Our group was actually manageable in the sense that we were only a total of eight persons, namely: (1) Jenny Ferrer, (2) Enrique “Ïke”Abad, (3) Eduard “Jun“ Mangyao and (4) Johanssen “Jojo” B. Capsa of USAID Manila Office, (5) Mary Jeanne Bejar Santiago of CITEM, (6) Eileen V. De Gala of PNB Balayan Branch, (7) Renee “Dee” Molina of Allied Bank – Head Office, and (8) me. We left Manila boarding an airconditioned Philippine Rabbit bus on the eve of May 3, 2002 at 9:00 P.M. It was Ike who actually organized the climb since he was in that place and he has a lot of relatives who assisted him to make our climb a successful one. We arrived in Ike’s residence in Brgy. Sto. Rosario, Capas, Tarlac at almost 1:00 dawn of May 4 and had our bedrest along Lake Tambo which is just 30-minute drive away from the jump-off point.

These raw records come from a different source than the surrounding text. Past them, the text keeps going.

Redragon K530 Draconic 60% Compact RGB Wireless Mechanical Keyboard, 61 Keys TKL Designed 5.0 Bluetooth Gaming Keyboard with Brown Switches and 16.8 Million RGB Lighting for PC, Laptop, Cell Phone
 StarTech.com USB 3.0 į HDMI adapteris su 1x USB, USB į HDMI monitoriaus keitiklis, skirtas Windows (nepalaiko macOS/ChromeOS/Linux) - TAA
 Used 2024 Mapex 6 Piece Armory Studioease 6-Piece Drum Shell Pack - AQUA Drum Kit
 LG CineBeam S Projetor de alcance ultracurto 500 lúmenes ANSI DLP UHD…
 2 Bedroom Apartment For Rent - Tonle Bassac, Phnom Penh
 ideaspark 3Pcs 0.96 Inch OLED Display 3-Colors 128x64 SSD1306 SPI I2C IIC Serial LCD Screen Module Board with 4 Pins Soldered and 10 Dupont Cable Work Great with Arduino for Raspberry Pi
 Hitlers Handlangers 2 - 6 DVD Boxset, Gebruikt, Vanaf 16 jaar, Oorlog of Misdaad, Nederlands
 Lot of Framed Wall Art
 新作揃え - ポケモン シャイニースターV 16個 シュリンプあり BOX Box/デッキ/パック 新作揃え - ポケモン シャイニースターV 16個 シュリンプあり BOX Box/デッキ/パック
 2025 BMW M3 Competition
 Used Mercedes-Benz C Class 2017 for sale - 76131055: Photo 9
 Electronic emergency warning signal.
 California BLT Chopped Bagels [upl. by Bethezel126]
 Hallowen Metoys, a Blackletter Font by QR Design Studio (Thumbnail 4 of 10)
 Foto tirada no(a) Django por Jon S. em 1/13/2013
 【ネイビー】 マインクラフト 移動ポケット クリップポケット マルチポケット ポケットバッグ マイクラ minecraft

We had an amazing morning as we woke up and had our breakfast along the tranquil Tambo Lake. We started our trek at around 8:00 A.M. The trail that we followed was the former Crow Valley Gunnery Range along the O’Donnell streambed in which we used the entry point in Brgy. Sta. Juliana, Capas, Tarlac. It is actually a flat, long valley that leads right up to the crater. We had regrouping in the campsite located in the foolhill before a 20-minute assault to the crater at 1:00 P.M. It was really therapeutic to see the volcano’s lake crater which I can summed up as an enchanting reward for a fearless explorer like me. Though swimming in the crater is prohibited, our group disregarded the guideline and enjoyed the very cool waters of the lake instead. The following day, May 5, was purely a downhill trekking which started at almost 8:00 A.M. and was in the jump-off point at almost 12:00 noon. We had an hour drive boarding a 4 x 4 all-weather all-terrain truck owned and drove by Charlie M. De Jesus who is the husband of Ike’s sister-in-law back to Sta. Juliana where a lunch was served for us. Another hour of drive going back to Ike’s residence in Capas. We left in Capas at 5:00 P.M. and was home at almost 8:00 P.M.